My political leanings, despite what many may claim, are far more complex and complicated today than they have ever been in my life.
I find myself at my own ideological and philosophical crossroads today.
I am neither Democrat or Republican.
Neither Conservative or Liberal.
I guess I just “am.”
I don’t think Barack Obama was America’s best or worst President.
I think George W. Bush and George H.W. Bush, in the rear window of history, will be treated far more kindly than when the left office.
Amy Klobuchar has done a good job for Minnesota as a United States Senator and Al Franken has done a good job for Al Franken.
I think our current Mayor, in his 12 years in office, must be judged, by any measure, as a successful Mayor who has done many good things for St. Paul.
I clearly don’t agree with everything that he did and have opposed his Administration on any number of occasions.
I think the current City Council lacks enough independent thinkers. I have enjoyed seeing Jane Prince emerge as one of those people on the City Council.
In the last few weeks Rebecca Noecker seems to have found the voice I know that many in the business community believed she might possess in being a counterweight to a governmental body that has become far too predictable in its opposition to business interests.
When I say I “am” I mean to say I am more interested in what a candidate for Office is capable of doing today than I am about what political party or ideology they hold – especially when it comes to being St. Paul’s next Mayor.
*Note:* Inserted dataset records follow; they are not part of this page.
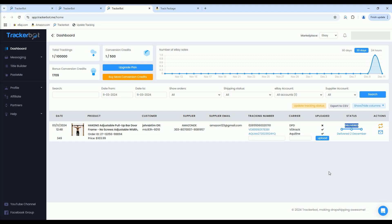Please note that only trackings converted by TrackerBot can be updated using this method. Aquiline trackings may take up to one day to update in your eBay order.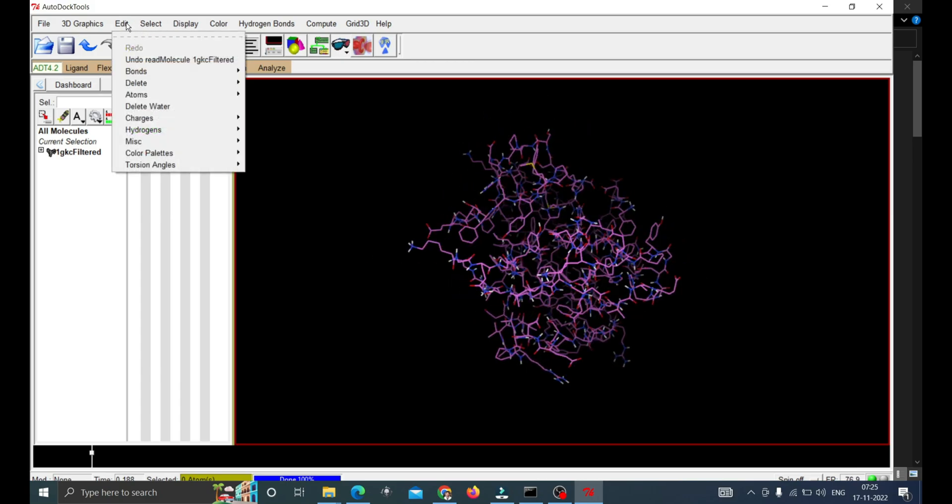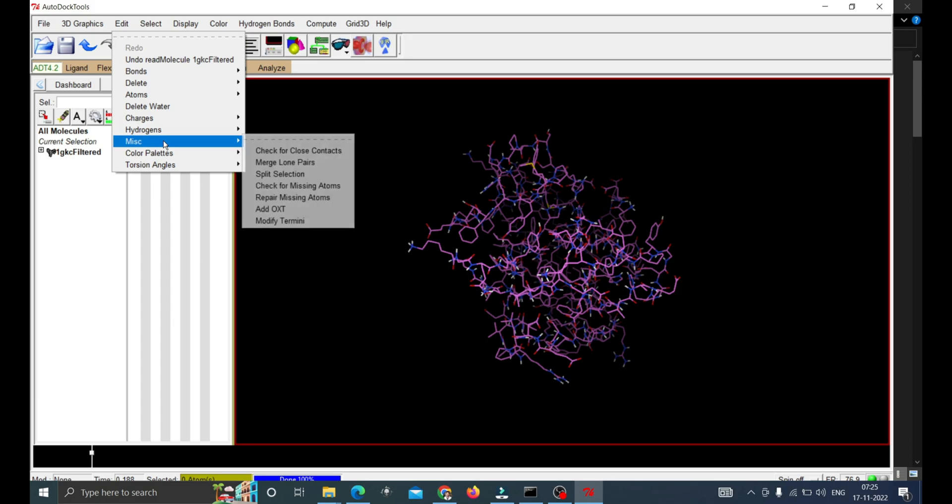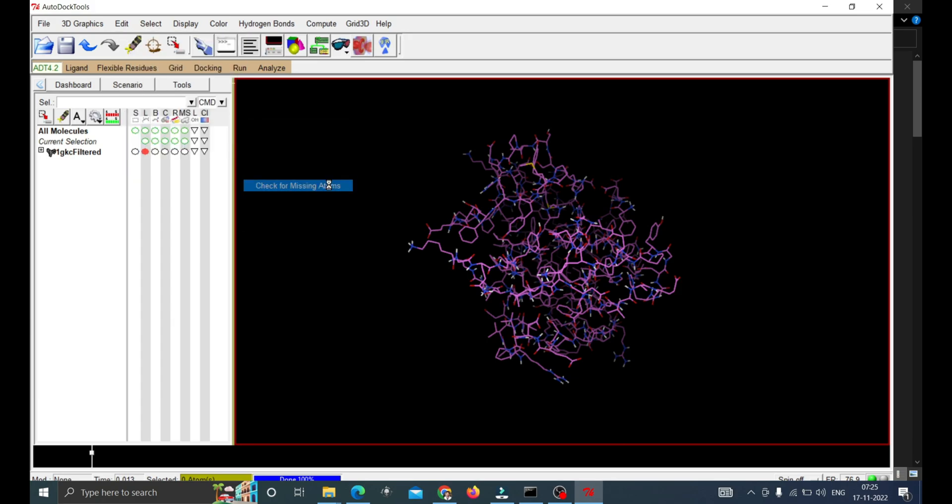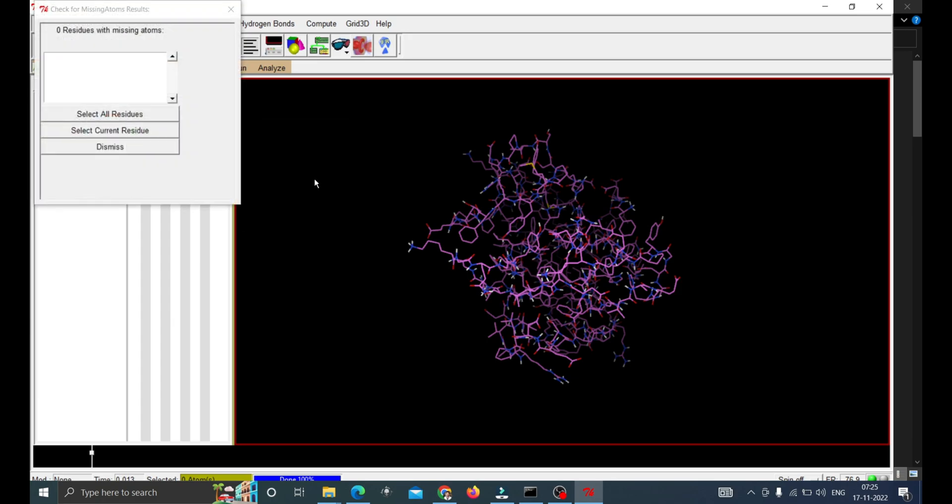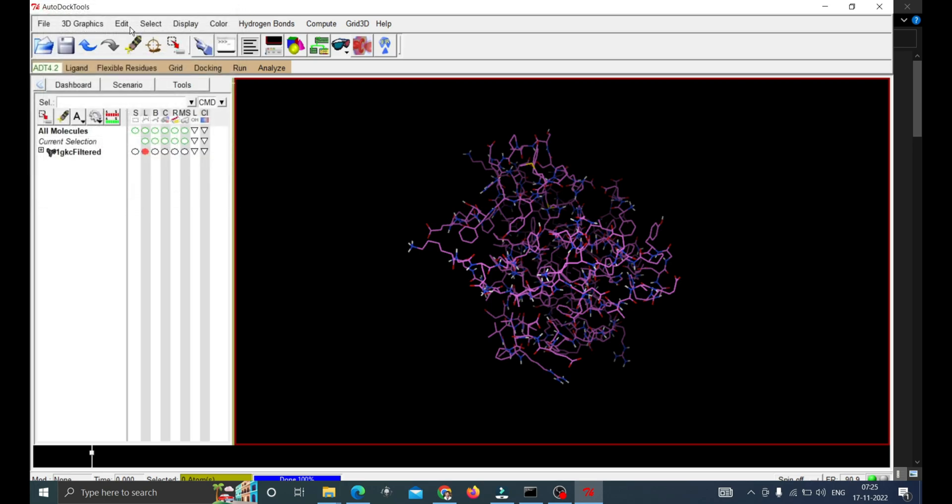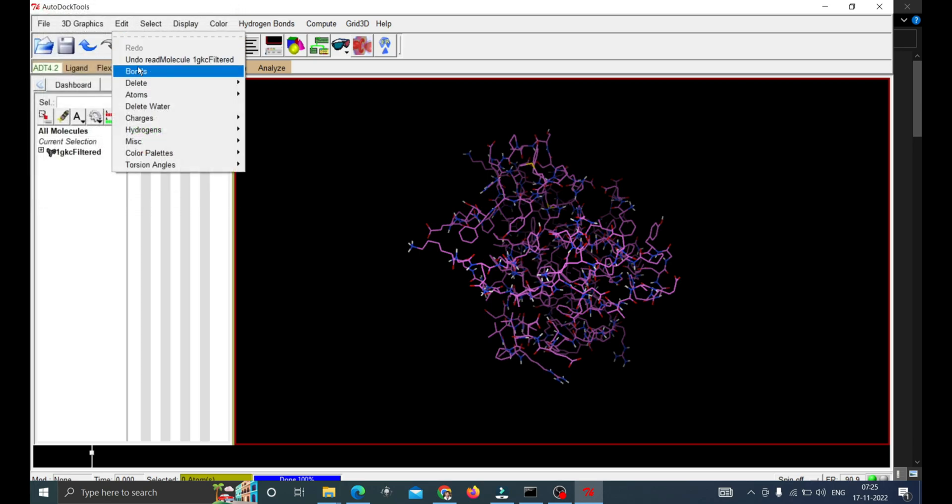Now go to Edit again, go to Miscellaneous and check for missing atoms. If there is any you have to select those and click on the Repair Missing Atoms in the same section. Close and click on the Edit again.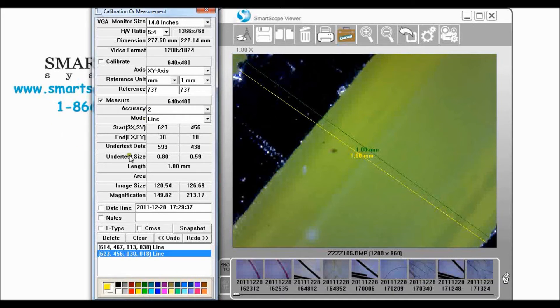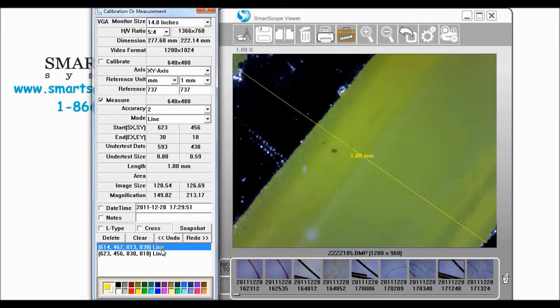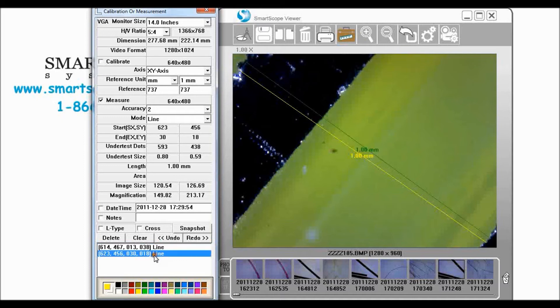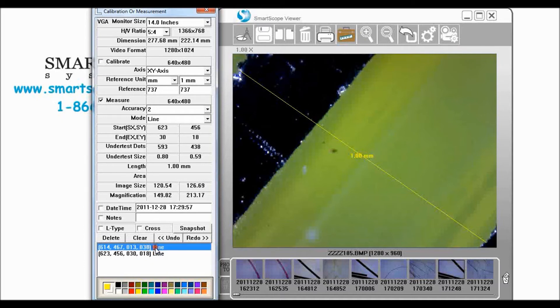So now we're calibrated. Before we come out of this though let's say I wanted to, I viewed these lines but I made a mistake on that one so I want to remove it. Well I can click delete and then that line is gone.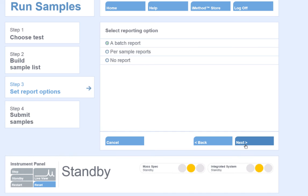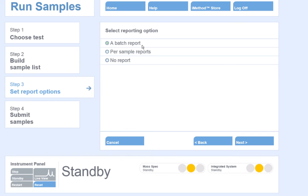My next option is reporting options for the output of quantitative data files. I have three choices for reporting. The first, a batch report, will automatically output my results after all of the samples in the list have been analyzed.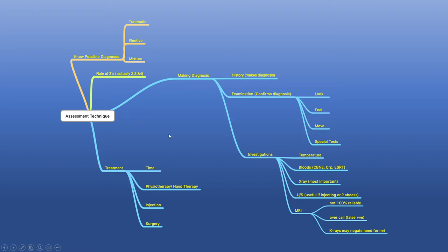Think of a Gaussian distribution where the most common number is in the middle, and then one standard deviation on either side of it is actually where 95% of the data falls. That's why I call it the rule of two threes and fours — we divide things up into two threes and fours.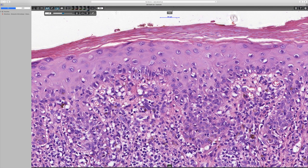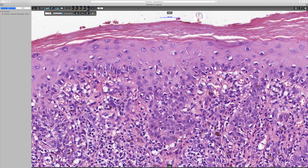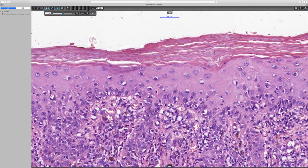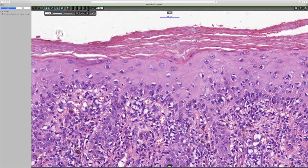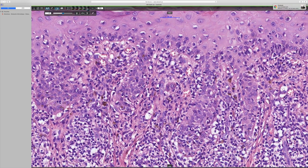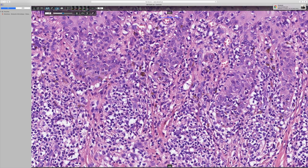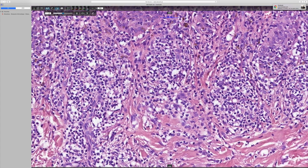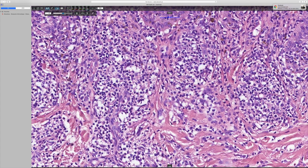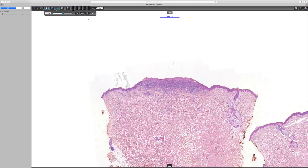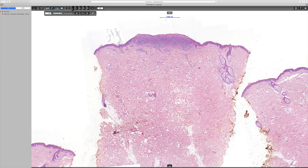There is a single remnant nucleus there — and another one there — so one can say this shows just a hint of parakeratosis, though perhaps that's stretching things a bit. In summary, particularly with the clinical history of a solitary lesion, I think we can interpret this as a lichenoid keratosis.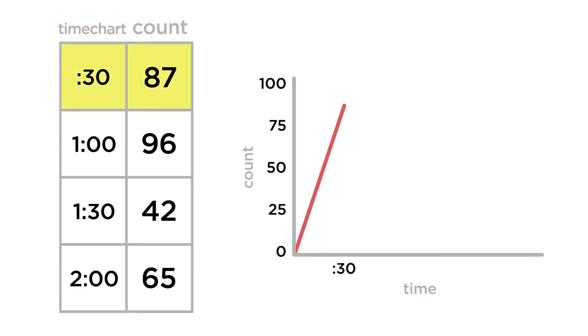Visualized in a line graph, the count values correspond to the series values across time.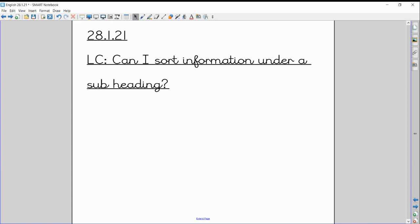Hello boys and girls, welcome to Wednesday's English lesson. As you can see from the learning objective, our target today is to sort information under subheadings.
I respect new energy, fresh faces and different voices in government. I believe our government – from top to bottom – has become stale from far, far too many elected officials staying in office far, far too long.
I didn’t use to believe in term limits. I now support them completely and without distinction.
The direct mail piece reminded me again of why I support Pat Harris when I read this headline: “This election, we’ve heard a lot of ideas. And we know that ideas that are stuck in the past done work.”
Here’s an idea from the past that does work: Experience matters.
Given the choice between new, fresh and different lacking the necessary skills and temperament and any evidence of their ability to lead beyond the words they utter in public and on a piece of campaign literature – or — someone whose lifetime of experience, service to community and accomplishment has built him into a proven leader with a record to back it up — I will go with the latter every single time over the former.
Bringing people together is easy.
Bringing people together who don’t agree with one another – more often than not – is not.
Even more difficult and daunting is bringing people together who don’t agree with one another to actually get something done.
More and more today that is increasingly impossible.
Which is, more and more today, and tomorrow, we need someone who can do just that.
That person is Pat Harris.
I hope you will vote for him.
I’m a Republican. I’m a resident of St. Paul. I’m voting Pat Harris Tuesday. I’m also optimistic that the future of our St. Paul will be better served with an individual of Pat’s character and experience.